Cross-Site Scripting (XSS) is an attack in which malicious scripts can be injected on a page.

For example:

<h1>Hello, <script>alert('hacked')</script></h1>

This is a pretty obvious attack and something that browsers can block: if you find a part of the request in the source code, it might be an attack.

The X-XSS-Protection controls this behavior.

Values:

Let's create a simple web server with node.js to play with this.

var express = require('express')
var app = express()

app.use((req, res) => {
  if (req.query.xss) res.setHeader('X-XSS-Protection', req.query.xss)
  res.send(`<h1>Hello, ${req.query.user || 'anonymous'}</h1>`)
})

app.listen(1234)

I am using Google Chrome 55.

No header

http://localhost:1234/?user=%3Cscript%3Ealert(%27hacked%27)%3C/script%3E

Nothing happens. The browser successfully prevented this attack.

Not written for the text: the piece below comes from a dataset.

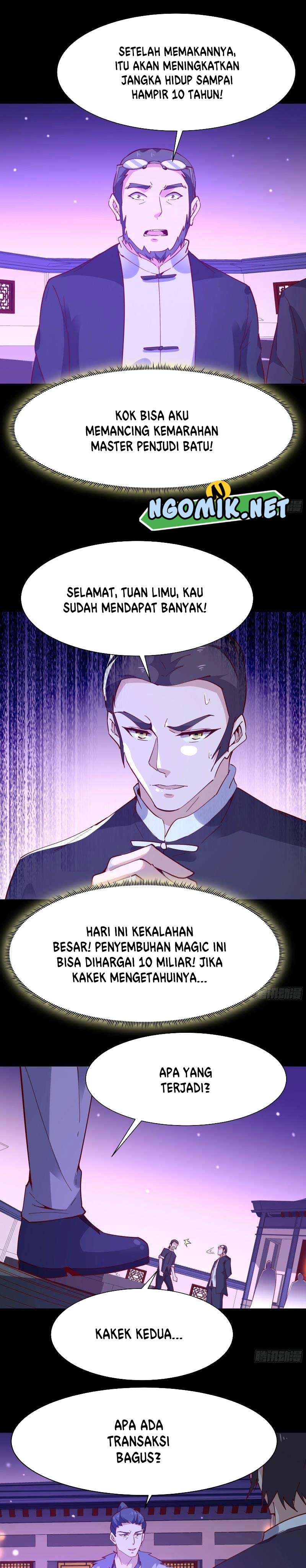 Rebirth City Deity Chapter 159 Gambar 4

This is the default behavior in Chrome if no header is set, as you can see in the error message in the Console.

It even helpfully highlights it in the source.

X-XSS-Protection: 0

http://localhost:1234/?user=%3Cscript%3Ealert(%27hacked%27)%3C/script%3E&xss=0

Oh no!

X-XSS-Protection: 1

http://localhost:1234/?user=%3Cscript%3Ealert(%27hacked%27)%3C/script%3E&xss=1

The attack was successfully blocked by sanitizing the page because of our explicit header.

X-XSS-Protection: 1; mode=block

http://localhost:1234/?user=%3Cscript%3Ealert(%27hacked%27)%3C/script%3E&xss=1;%20mode=block

The attack is blocked by simply not rendering the page.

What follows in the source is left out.